ドクターKの独りごと13.「赤とんぼ」三木露風

ゆうやけ こやけの あかとんぼ

おわれてみたのは いつのひか…

 

誰もが1度は歌ったことがあるであろう「あかとんぼ」。

 

この歌には、我々の心の奥深くを震わせる感動がある。生まれ故郷への慕情。親のぬくもり。愛する人との別れ。人それぞれ思いは違っても湧きおこる感情は同じであろう。

 

「赤とんぼ」の歌詞は三木露風(みき ろふう 1889-1964)という兵庫県出身の詩人が書いたもので、彼が北海道函館市の西に隣接する北斗市トラピスト修道院に講師として赴任していたときに詠った詩である。詞の主人公は三木露風自身で、トラピスト修道院で幼い頃を思い出して書いたものであることが自筆のメモに記されている。幼いころに実母と生き別れとなった露風は子守り奉公の姐やに育てられてた。夕日の中、竿の先に佇む赤とんぼをみて、露風は姐やに背負われながらみた赤とんぼの記憶とオーバーラップしたのだろう。

 

十五で姐(ねえ)やは嫁に行き お里のたよりも 絶えはてた

 

お嫁に行った姐やのことは自然と話題にならなくなり、大人たちはみんな忘れてしまっている。でも「私」はふと想い出してはたまらなく懐かしい気持ちになる。姐やは今どうしているのだろうか....姐やに対する思慕の情。姐やがいなくなった後、再び孤独となった嘆きの心情を竿の先にとまっている1匹の赤とんぼに重ねて詠ったのであろうことが推測される(家森長治郎,奈良教育大国文,5,4-11,1981)。幼くして生き別れとなった母親に対する露風の母恋、一緒に桑の実を摘んだやさしい姐やへの思慕は、1匹の赤とんぼに二重写しとなっている。

 

   *    *    *

 

全身状態が悪く、意識が朦朧とする中で繰り返し「おかあさん…」と呼び続けている高齢の患者さんがいた。彼のまぶたの裏に浮かぶおかあさんは一体だれを指すのだろう?大正生まれのその彼は、私が想像もつかないような幼少時代を過ごしてきたに違いない。布団の中でそっとその手を握ってみた。

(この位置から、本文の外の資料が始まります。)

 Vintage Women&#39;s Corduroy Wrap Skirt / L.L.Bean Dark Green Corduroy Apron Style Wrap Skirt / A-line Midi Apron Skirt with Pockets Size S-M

そしたらまもなく静かになって眠ってしまった。

 

赤とんぼ とまっているよ 竿の先

 

とんぼは変温動物で、秋の夕暮れでは飛び立つ前に日光を十分浴びて体温を上げるそうだ。そのため横腹と日光の角度を調節しやすい「先っぽ」にとまる必要があるとのこと。太陽の光を「明日に飛び立つ糧」にするのはとんぼも我々も同じである。